治安官聳了聳肩膀,領著我們走進他的臥室。臥室的家具擺設很簡單、樸素。當大家走向我們走過的床邊時,福爾摩斯把身子探到前麵,沒留神把一些東西碰翻在地上。玻璃瓶摔得粉碎,水果也滾了一地,把我嚇了一跳。
“華生,看你弄的,”福爾摩斯冷靜地說,“你把地毯都弄髒了。”
我急忙彎腰去拾水果,心裏清楚我朋友這樣做一定有他的緣由。
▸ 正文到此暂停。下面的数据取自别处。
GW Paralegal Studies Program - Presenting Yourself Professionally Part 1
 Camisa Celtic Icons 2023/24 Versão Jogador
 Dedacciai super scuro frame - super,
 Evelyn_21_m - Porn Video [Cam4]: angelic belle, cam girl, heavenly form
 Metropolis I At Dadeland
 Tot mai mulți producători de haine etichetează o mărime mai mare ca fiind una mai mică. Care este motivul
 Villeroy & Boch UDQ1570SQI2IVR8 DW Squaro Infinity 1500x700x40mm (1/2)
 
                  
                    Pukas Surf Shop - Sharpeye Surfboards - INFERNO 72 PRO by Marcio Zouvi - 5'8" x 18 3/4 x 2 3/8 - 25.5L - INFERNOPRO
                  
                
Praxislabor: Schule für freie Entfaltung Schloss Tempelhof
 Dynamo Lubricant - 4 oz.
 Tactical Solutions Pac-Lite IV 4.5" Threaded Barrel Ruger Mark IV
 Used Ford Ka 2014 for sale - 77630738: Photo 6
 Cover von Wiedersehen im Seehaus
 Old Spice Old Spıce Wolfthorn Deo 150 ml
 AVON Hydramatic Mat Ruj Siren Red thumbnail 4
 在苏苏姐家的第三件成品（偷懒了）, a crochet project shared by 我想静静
別的人趕忙過來收拾,把桌子扶了起來。
警官突然叫道:“嗨!他去哪裏了?”
福爾摩斯不知上哪去了。
“你們請在這兒等著,”亞力克·坎寧罕說,“我看這人腦子有病,父親,你跟著我,看看他到底上哪去了!”
他倆走出了房間,隻留下上校、警官和我三個人相互不解地望著對方。
“依我看,我比較傾向於讚同亞力克先生的看法。”警官說,“也許是這場大病搞的,可我又覺得……”他的話還未說完,我們突然聽見一陣尖銳的叫聲:“救命啊!救命啊!殺人啦!”我聽出那讓我膽戰心驚的聲音是我朋友發出的。我瘋狂地從房間裏衝到樓梯口。這時的喊叫聲變成了嘶啞的、含糊不清的咕嚕聲,我聽得出那是從我們第一次進去的那間房子裏傳出的。我箭步衝進去,一直跑到裏麵的更衣室。正好看見坎寧罕父子正把福爾摩斯掀翻在地,小坎寧罕正用雙手掐住福爾摩斯的脖子,老坎寧罕正擰著福爾摩斯的一隻手腕。我們三個人馬上把坎寧罕父子拽開,福爾摩斯搖搖晃晃地站起來,臉色蒼白,很明顯他已經精疲力盡了。
“警官,快把這兩個人抓起來。”福爾摩斯喘著氣說。
“他們犯了什麼罪呢?”
“他們謀殺了馬夫威廉·柯萬。”
警官不可思議地望了望四周,疑惑地說道:“哦,不會吧,福爾摩斯先生,你說的這話不是真的……”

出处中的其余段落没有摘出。